=== Data for the task ===

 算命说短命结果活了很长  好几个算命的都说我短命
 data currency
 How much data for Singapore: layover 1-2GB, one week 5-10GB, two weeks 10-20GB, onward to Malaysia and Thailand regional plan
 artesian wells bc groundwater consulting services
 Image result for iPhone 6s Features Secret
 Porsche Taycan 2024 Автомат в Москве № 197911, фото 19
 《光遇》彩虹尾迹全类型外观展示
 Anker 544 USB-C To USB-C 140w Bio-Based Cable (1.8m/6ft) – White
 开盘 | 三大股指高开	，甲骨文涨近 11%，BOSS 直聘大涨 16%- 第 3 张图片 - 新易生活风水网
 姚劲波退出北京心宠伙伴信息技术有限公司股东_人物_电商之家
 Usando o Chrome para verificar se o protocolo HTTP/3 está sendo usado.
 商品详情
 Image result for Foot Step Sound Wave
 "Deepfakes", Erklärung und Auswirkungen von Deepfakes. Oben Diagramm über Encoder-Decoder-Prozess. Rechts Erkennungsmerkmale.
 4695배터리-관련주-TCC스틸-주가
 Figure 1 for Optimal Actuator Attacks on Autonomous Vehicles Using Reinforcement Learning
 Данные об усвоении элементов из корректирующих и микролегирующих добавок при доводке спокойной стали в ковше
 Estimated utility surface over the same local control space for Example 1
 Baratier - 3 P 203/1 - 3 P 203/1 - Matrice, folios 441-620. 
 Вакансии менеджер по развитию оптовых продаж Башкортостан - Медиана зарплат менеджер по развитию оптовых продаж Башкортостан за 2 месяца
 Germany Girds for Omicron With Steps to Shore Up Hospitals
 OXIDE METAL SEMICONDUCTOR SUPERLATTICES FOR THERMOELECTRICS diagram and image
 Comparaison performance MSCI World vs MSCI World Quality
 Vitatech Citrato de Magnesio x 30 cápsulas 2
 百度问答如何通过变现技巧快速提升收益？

=== Task objective ===
Copy down every record, keeping each one exact.

=== Answer to this task ===
 算命说短命结果活了很长  好几个算命的都说我短命
 data currency
 How much data for Singapore: layover 1-2GB, one week 5-10GB, two weeks 10-20GB, onward to Malaysia and Thailand regional plan
 artesian wells bc groundwater consulting services
 Image result for iPhone 6s Features Secret
 Porsche Taycan 2024 Автомат в Москве № 197911, фото 19
 《光遇》彩虹尾迹全类型外观展示
 Anker 544 USB-C To USB-C 140w Bio-Based Cable (1.8m/6ft) – White
 开盘 | 三大股指高开	，甲骨文涨近 11%，BOSS 直聘大涨 16%- 第 3 张图片 - 新易生活风水网
 姚劲波退出北京心宠伙伴信息技术有限公司股东_人物_电商之家
 Usando o Chrome para verificar se o protocolo HTTP/3 está sendo usado.
 商品详情
 Image result for Foot Step Sound Wave
 "Deepfakes", Erklärung und Auswirkungen von Deepfakes. Oben Diagramm über Encoder-Decoder-Prozess. Rechts Erkennungsmerkmale.
 4695배터리-관련주-TCC스틸-주가
 Figure 1 for Optimal Actuator Attacks on Autonomous Vehicles Using Reinforcement Learning
 Данные об усвоении элементов из корректирующих и микролегирующих добавок при доводке спокойной стали в ковше
 Estimated utility surface over the same local control space for Example 1
 Baratier - 3 P 203/1 - 3 P 203/1 - Matrice, folios 441-620. 
 Вакансии менеджер по развитию оптовых продаж Башкортостан - Медиана зарплат менеджер по развитию оптовых продаж Башкортостан за 2 месяца
 Germany Girds for Omicron With Steps to Shore Up Hospitals
 OXIDE METAL SEMICONDUCTOR SUPERLATTICES FOR THERMOELECTRICS diagram and image
 Comparaison performance MSCI World vs MSCI World Quality
 Vitatech Citrato de Magnesio x 30 cápsulas 2
 百度问答如何通过变现技巧快速提升收益？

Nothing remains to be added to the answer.